I’d like to see some photos


----------



## Penny (Mar 24, 2016)

morningstarfarms veggie sausages, watermelon, corn on the cob


----------



## knife (Jul 10, 2013)

Fohra said:


> I’d like to see some photos


Camera broke. Sowwy. :crying:


----------



## incision (May 23, 2010)

Fave varies by craving. It can be a big bowl of veggies, a perfectly ripened fruit (cherries this year have been to die for), a bloody slab of steak or roast, seafood, wild game or duck. Sometimes, it's a muffin.


----------



## Wohpe (Aug 25, 2018)

Italian-American cuisine is king, from pizza to chicken marsala. Honorable mention to Indian tacos and cheeseburgers.


----------



## General Lee Awesome (Sep 28, 2014)

Butter chicken


----------



## Cthulhu And Coffee (Mar 8, 2012)

I love way too much food for this, lol. But I'm generally very basic, and very representative of my country.
Also, none of it is healthy:

-Cheeseburgers 
-Pizza (pan pizza with mushrooms and pepperoni)
-Japanese curry rice
-Americanized sushi
-Multiple kinds of traditional American comfort food (biscuits, mashed potatoes, mac and cheese, etc.)

Boston Market was my favorite restaurant before they shut down near my place. Them and Denny's.


----------



## JokePeralta (Jun 30, 2018)

I love food in general  
But my favorites are probably Soups and all sorts of pasta


----------



## Electra (Oct 24, 2014)

I can't pick one.


----------



## Lucan1010 (Jul 23, 2018)

Potatoes. I love potatoes. They're delicious and there's so much you can do with them.


----------



## Fohra (May 26, 2018)

Salt & Pepper Kumara Fries









I made it today and took this photo.


----------



## Vivid Melody (Apr 25, 2011)

-I've always loved lasagna. I can't eat dairy so a good vegan lasagna really hits the spot.

-Also a good vegan pizza with a bunch of veggie toppings 

-I currently really like this falafel with tzatziki sauce I make.

-I'll probably sound like a basic bitch saying this but i recently got into avocado toast  with some tomatoes and balsamic drizzle on top. Nom nom nom

-I find that I prefer gluten-free bread because I like the texture better. It's more dense and I like that.

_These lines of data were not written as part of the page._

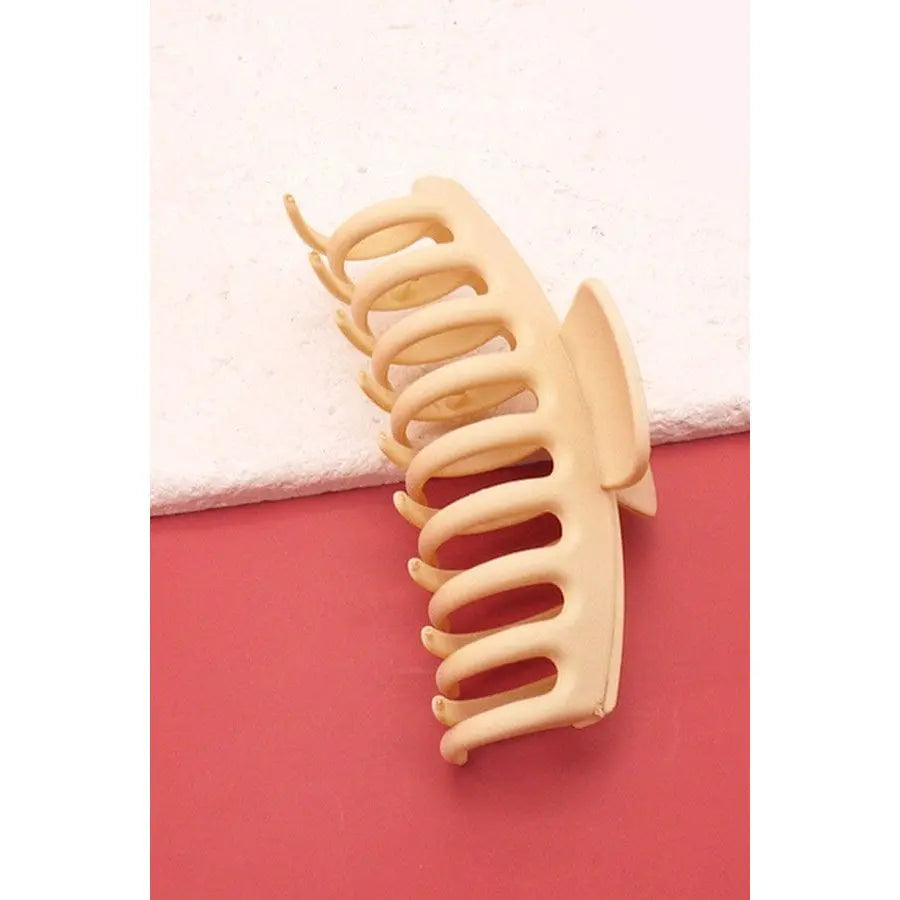 Oversized Matte Claw Clip Wall to wall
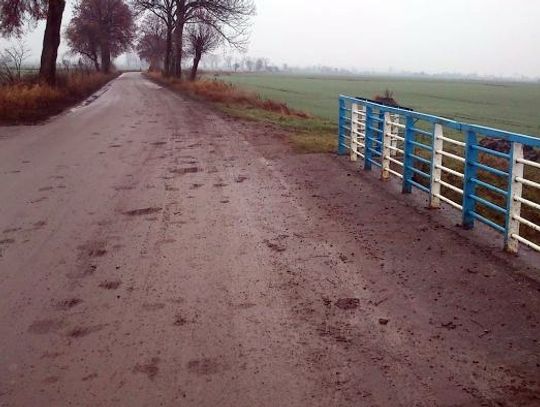 Patrole policji podczas wywozu buraków z pól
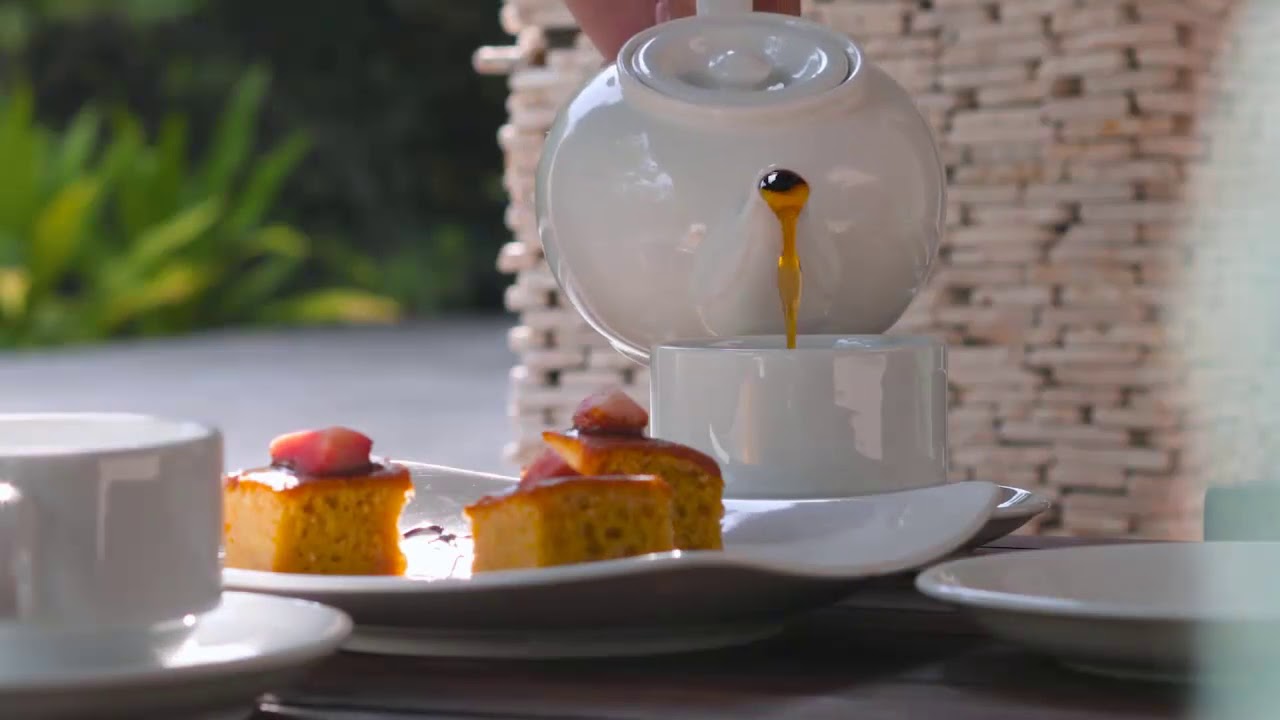 lalya-ninh-van-bay-cake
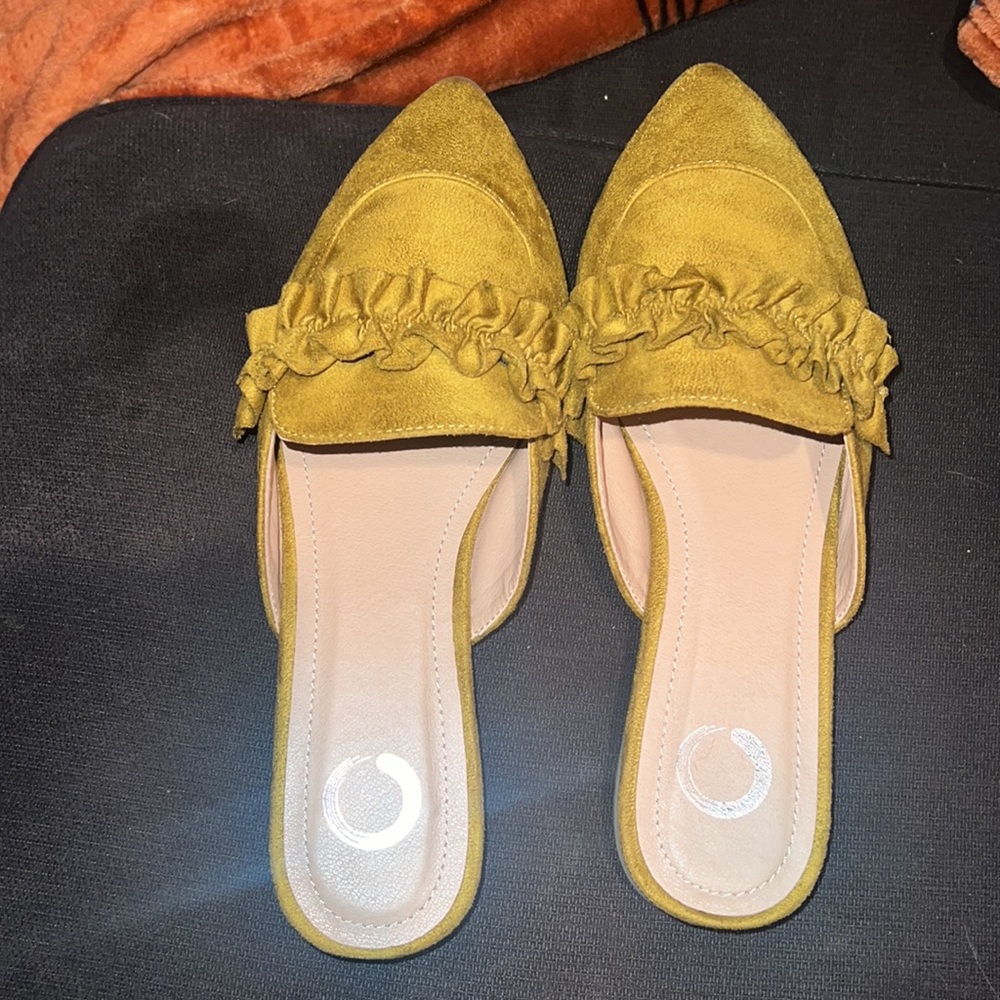 Women’s Journee flat mules, dressy shoes , size 8, excellent condition - Picture 6 of 12
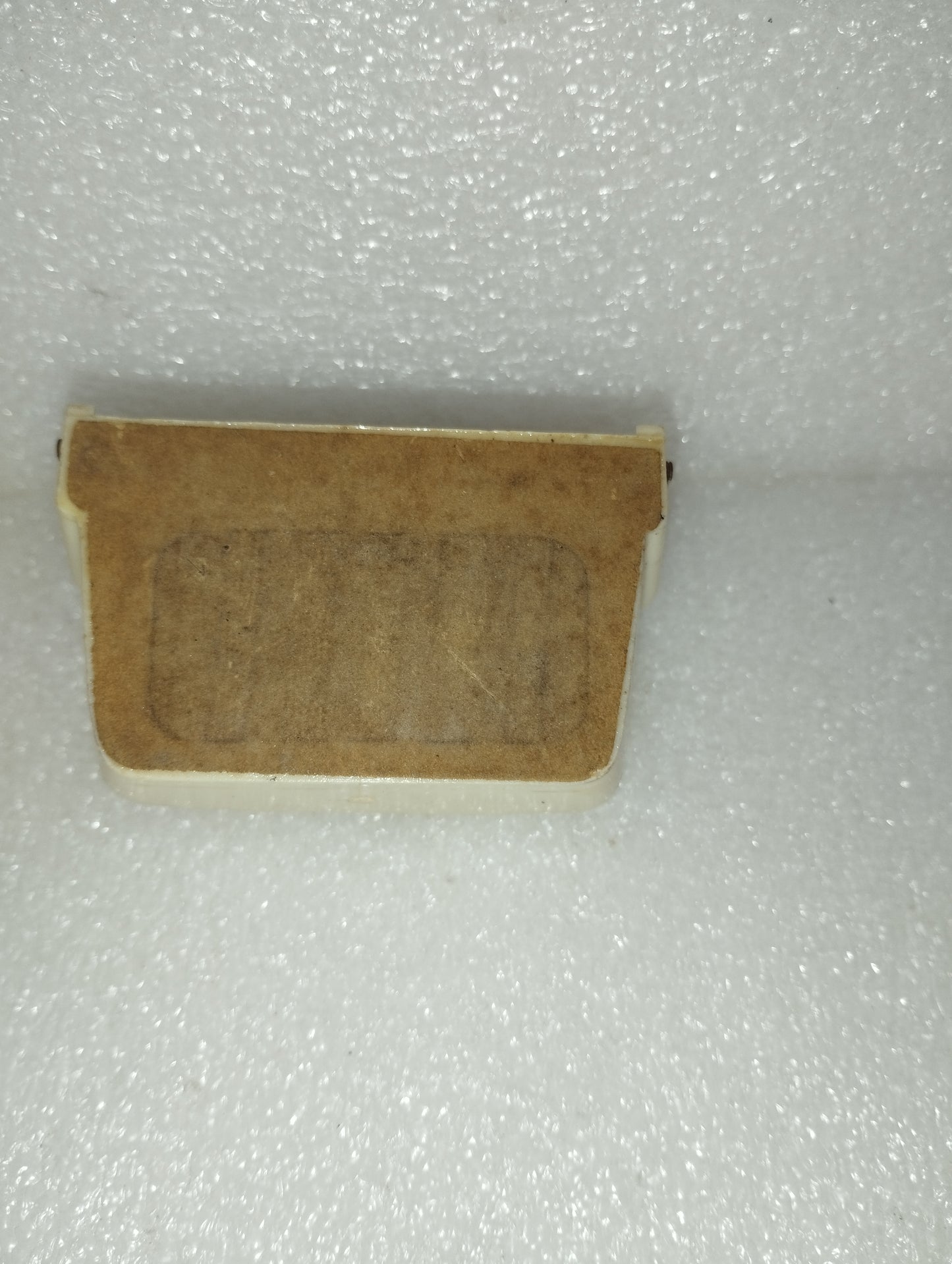 Posacenere Magnetico In Metallo e plastica Per Veicolo D'epoca Anni 60
Misure 7 x 4  x  3 cm circa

-There's some vegan nachos at this vegan restaurant I really like. I'll have to make my own some day. 

-I really like mashed/smashed potatoes.

-I'll throw bread pudding and strawberry cupcakes on the list too since I didn't include desserts yet


----------



## Dare (Nov 8, 2016)

Ultimate favorite:








Other favorites:


----------



## ButIHaveNoFear (Sep 6, 2017)

General Lee Awesome said:


> Butter chicken


Is it as rich as butter turkey?


----------



## WhatIsYourConfirmationBias (May 10, 2018)

Pizza 🍕, hands down...Haven't had Pizza Hut in quite awhile. Or Round Table Pizza. I need to go make something to eat, I'm starving...


----------



## Catwalk (Aug 12, 2015)

Anything Thai or Vietnamese as spicy as humanly possible.
Sushi w/ raw salmon/tuna - ginger, wasabi, or spice.
Loaded hummus, noodles, pastas, rice dishes of any kind.
_Any kind _of seafood. I will eat anything from the sea.
_Any kind _of vegetable.
Fresh (ripe) fruit.
Loaded w/ everything salads.
Teas.

ATM, I keep eating large Panera Bread salads with blueberry scones.


----------



## organotroph (Jun 15, 2018)

Oysters. Especially if they are made Chinese-style at a buffet. Yum!:tongue:


----------



## temptingthesea (May 7, 2018)

pizza
spaghetti, lasagna
onigiri 
ice cream


----------



## Judson Joist (Oct 25, 2013)

Can't pick just one thing. As a foodie, I embrace variety, so I'll just list a few: caramelized parsnips, rosemary roasted potatoes, corned beef hash, lox and bagels, and all sorts of garden-fresh salads. I'm basically a Hobbit.
:tongue:


----------



## telepariah (Jun 20, 2011)

Chile relleno and tamale smothered with pork green chile and served with beans and rice in some bar in New Mexico even though I found this picture from a place in LA and it should be a lot more smothered. I'm living in Japan now and can't get this. Japanese food is great too, but this is the bomb. Next trip stateside I will get all the ingredients and fill my luggage with masa harina, corn husks, pinto beans, and Hatch green chiles.


----------



## Isa (Sep 13, 2018)

It's so hard to pick only one. I've been in a waffle craving mood lately. Chicken Parmesan is a favorite and I recently had some superb stuffed chicken breast, and man does that picture above look divine. :happy:


----------



## Rong Wong (Feb 16, 2018)

Savoury 
> lasagna with layers of bolognese, mushroom and cheese sauces

Sweet
> golden syrup dumplings with cream


----------



## SamuelR (Jul 18, 2018)

Pizza


----------



## X A N A (Jun 21, 2018)

Tenpura, udon, sashimi, steak, seafood in general. Soft boiled eggs.


----------



## Cuttlefish (Aug 4, 2014)

Fresh oysters with a bit of lemon juice and Worcestershire sauce. I LOVE oysters.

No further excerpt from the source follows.